Это размышление, наводящее на сомнение и зародившееся при работе над разбором каракуль, следовавших за акциденциями, [2] заставило меня прервать переписывание и основательнее поразмыслить о том, как мне поступить.
— Совершенно верно, — говорил я самому себе, перелистывая рукопись, — совершенно верно, что такой поток словесной мишуры и риторических фигур встречается не на всём протяжении этого произведения. Как настоящий сечентист, автор вначале захотел щегольнуть своею учёностью; но затем, в ходе повествования, порою на большом его протяжении, слог становится более естественным и более ровным. Да, — но как он зауряден! Как неуклюж! Как шероховат!.. Ломбардские идиомы — без числа, фразы — некстати употреблённые, грамматика — произвольная, периоды — неслаженные. А далее — изысканные испанизмы, рассеянные тут и там; потом, что гораздо хуже, — в самых ужасающих и трогательных местах, при любой возможности вызвать изумление или навести читателя на размышление, словом, во всех тех местах, где требуется некоторое количество риторики, но риторики скромной, тонкой, изящной, автор никогда не упускает случая напичкать изложение той самой своей риторикой, которая нам уже знакома по вступлению. Перемешивая с удивительной ловкостью самые противоположные свойства, он ухитряется на одной и той же странице, в одном и том же периоде, в одном и том же выражении одновременно быть и грубым и жеманным. Не угодно ли: напыщенная декламация, испещрённая грубыми грамматическими ошибками, повсюду претенциозная тяжеловатость, которая придаёт особый характер писаниям данного века в данной стране. Поистине, это — не такая вещь, чтобы стоило предлагать её вниманию нынешних читателей: слишком они придирчивы, слишком отвыкли от подобного рода причуд. Хорошо ещё, что правильная мысль пришла мне в голову в самом начале злополучного этого труда, — тем самым я просто умываю руки.
Однако, когда я собирался было сложить эту потрёпанную тетрадь, дабы спрятать её, мне вдруг стало жалко, что такая прекрасная повесть навсегда останется неизвестной, ибо как повесть (читатель, может быть, не разделит моего взгляда) она мне, повторяю, показалась прекрасной, и даже весьма прекрасной. «Почему бы, — подумал я, — не взять из этой рукописи всю цепь происшествий, лишь переработав её слог?» Так как никакого разумного возражения на это не последовало, то и решение было принято немедленно. Таково происхождение этой книги, изложенное с чистосердечием, достойным самого повествования.
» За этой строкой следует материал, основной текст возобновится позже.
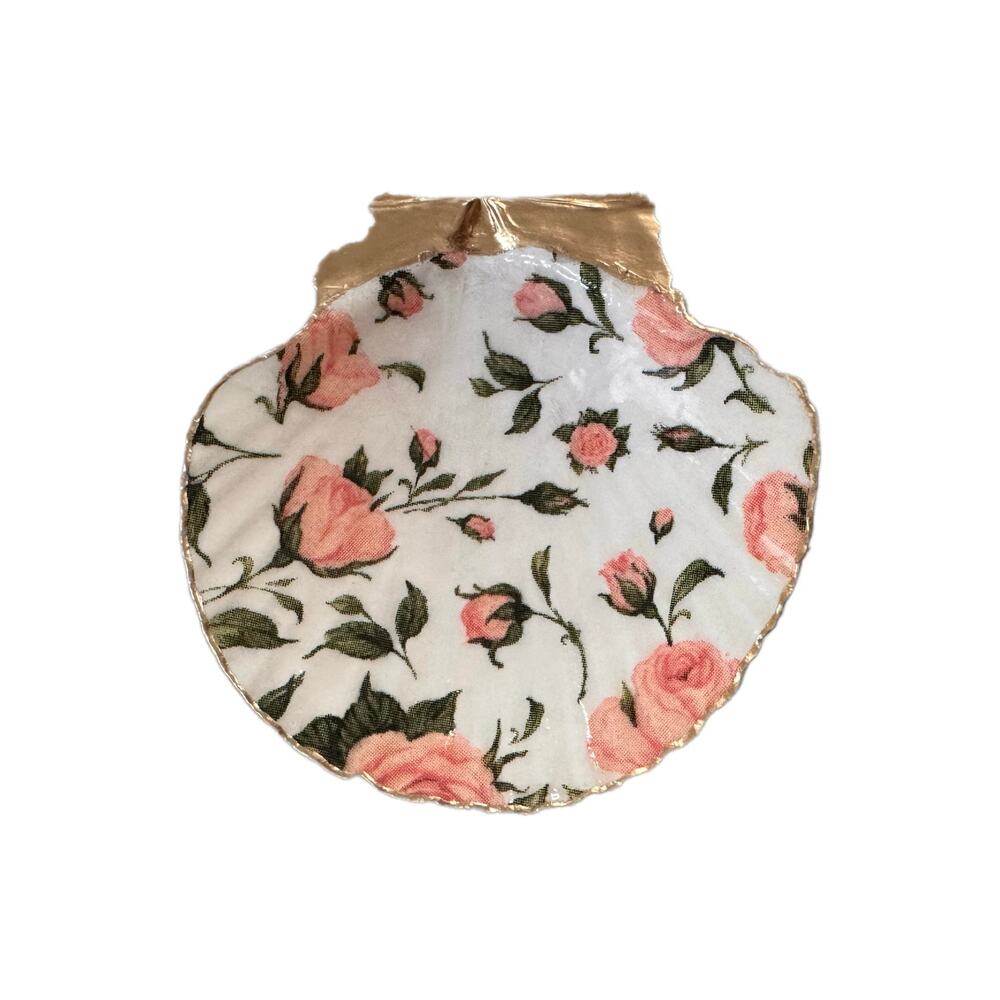 Pink Rose Trinket Dish, Floral Scallop Shell Ring Dish, Cottagecore Gift - Picture 2 of 5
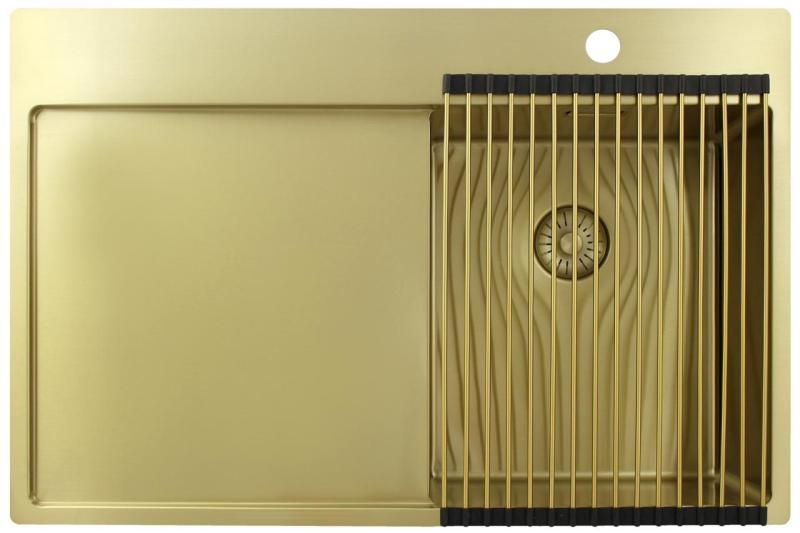 Pure.Sink Exclusivo Zlata majhna pomivalna korita z odkapnim delom 78x52 cm Tapwing desno PEX3478RT-60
Однако кое-какие из этих событий, некоторые обычаи, описанные нашим автором, показались нам настолько новыми, настолько странными, — чтобы не сказать больше, — что мы, прежде чем им поверить, пожелали допросить других свидетелей и принялись с этой целью рыться в тогдашних мемуарах, дабы выяснить, правда ли, что в ту пору так жилось на белом свете. Такие розыски рассеяли все наши сомнения: на каждом шагу наталкивались мы на такие же и даже более удивительные случаи, и (что показалось нам особенно убедительным) мы добрались даже до некоторых личностей, относительно которых не было никаких сведений, кроме как в нашей рукописи, а потому мы усомнились было в реальности их существования. При случае мы приведём некоторые из этих свидетельств, чтобы подтвердить достоверность обстоятельств, которым, в силу их необычайности, читатель был бы склонен не поверить.
Но, отвергая слог нашего автора как неприемлемый, каким же слогом мы заменим его? В этом весь вопрос.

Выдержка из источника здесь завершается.